If your child is struggling with their handwriting, it is important to do something about it now. There are many different techniques and tricks that can be employed to help get those letters looking clear and neat. Here’s a few pointers that you can try at home together.
Improve their writing grip
Improvement in writing can only come about when your child knows how to hold a pen or pencil correctly. Therefore, teaching them (or reteaching them) the correct pencil grasping technique is very important.
There are actually two different ways you can hold a pencil; known as the tripod and the quadruped grasps. By the age of four, children can usually fairly confidently use one of these techniques to hold a crayon or a pencil by gripping it with two or three fingers while the thumb helps keep it anchored. Some people like to use two fingers, and others three. Either way is not a problem as long as they feel comfortable.
If your child has handwriting issues, then before you do anything else, check out their grip. This video gives a demonstration on how to correctly hold a pen. Grip aids can also be bought, that slide over the writing implement, to help if your child is struggling to hold them in the correct way.
Take advantage of technology
Kids these days learn to use mobile phones and tablets before they start writing; therefore, it makes sense to use these technologies for their benefit. If your child is averse to picking up a pen, you can ask them to use stylus pens instead to write something on their tablet. There are many good handwriting programmes and apps to help children get to grips with writing, and it might just be an easier way to engage them if paper and pen handwriting practice has become a bit of a battleground.
Practice makes improvement
One of the more traditional ways to improve a child’s handwriting ability is to provide them with worksheets where they can practice writing set letters over and over again. As boring as these might seem on the face of it, they are actually a really good way to change bad habits and teach the correct formation of letters. Sometimes bad handwriting habits form and the only way to change the muscle memory is to practice writing that letter or those groups of letters until the new technique becomes automatic. Offer rewards as an incentive for improvements and do little and often rather than hours and hours of the same boring writing exercises, as your child will lose interest quickly otherwise. Regular, smaller amounts of practice will have far better results.
Use a variety of writing equipment
Make it interesting and fun! Provide different coloured pencils, glitter pens, scented pens, chunky crayons, funky paper and even stencils and stickers to help your child take more of an interest in writing and engage their senses.
Give them a journal
Another good way to improve technique and get your child engaged with writing is to ask them to write something just for fun, without the pressure of it being ‘perfect’ or assessed by anyone else. Journalling can be a really good activity for kids who are reluctant to write. It doesn’t have to be a diary type journal where they record their feelings – although for some children this is a great idea – but it could be a science journal, or a nature journal, or a summer holiday journal where they write down what they have done every day and stick in tickets, pictures and anything else they collect along the way. Journals are great because they remind children of how writing can be for pleasure, without all the pressure of it needing to be perfect.
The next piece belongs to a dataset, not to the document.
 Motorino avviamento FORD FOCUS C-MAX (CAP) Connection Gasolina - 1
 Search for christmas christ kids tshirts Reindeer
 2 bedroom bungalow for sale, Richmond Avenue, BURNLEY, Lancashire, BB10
Create a quiet writing space
Having an appropriate place where your child can sit down and do their homework can also really help with improved handwriting. If there are people around all the time or distractions such as television or music playing around them, they won’t be able to concentrate, no matter what they say to the contrary! Having a designated, quiet, peaceful study space, where they can be focused and free of distractions is really important to help lengthen their attention span. Equally important is having a good, flat writing table or desk and a comfortable chair, which is at the right height for the desk. Trying to write on the floor or on their lap will not help handwriting to improve.
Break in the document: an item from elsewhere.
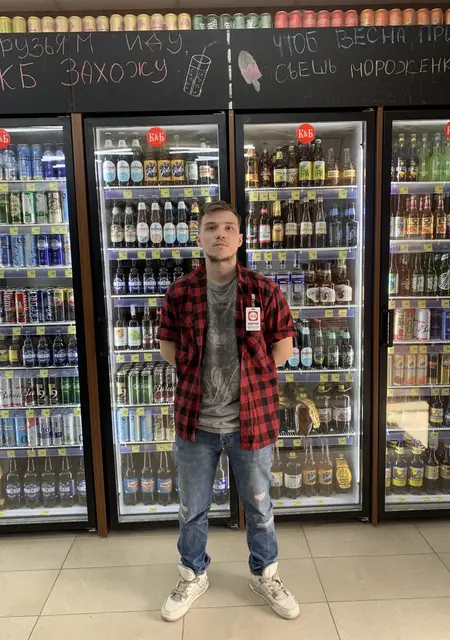 Алексей из Старого Оскола, ищу на сайте знакомства на одну ночь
Spend time with them & give plenty of praise
If writing is something your child finds difficult, do not leave them to struggle alone. Children crave adult attention and they will be far more likely to want to practice their handwriting if they know they get some of your precious time while they do it. Be there to help them correct mistakes, but also make sure you give plenty of praise for the things they work hard on. Research has shown that it is sincere praise, based on something specific you can point to as being an achievement that really makes a child feel good rather than generalised, hollow “well done”s. So, even if the piece of writing has lots of mistakes within it, praise the fact your child persevered and didn’t give up even though writing is something they find hard. Or the fact that they took their time over it and didn’t rush. Praise the effort and the process rather than always looking at the results.
Align their interests
No one knows what engages and interests your children better than you, so use that knowledge to try and get them hooked on to writing with activities and rewards you know they’ll appreciate. Any excuse for writing is a good opportunity to practice those new letter formation skills they’ve been learning. If they like a particular book series or TV character, use this is a way of encouraging writing activities. There are loads of resources out there. Whatever your child is interested in, if you can find a way to make them write about it, give it a go.
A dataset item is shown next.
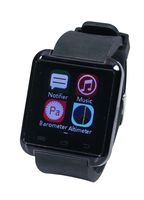Craig Electronics CC430 Smartwatch with Bluetooth Wireless Technology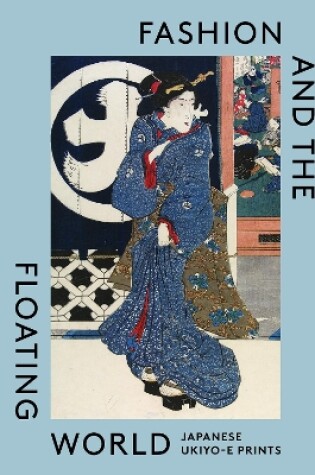 Cover of Fashion and the Floating World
Sometimes it’s just one or two small things that can be holding a child back when it comes to handwriting and most things can be easily fixed with practice and a bit of encouragement, so don’t panic if your child’s handwriting is incomprehensible right now. Whether it’s the wrong pencil grasp or poor letter formation, there will be a way to get the problem corrected. The most important thing is ensuring they keep that enthusiasm and love of writing that all children naturally start off with, and don’t become disengaged.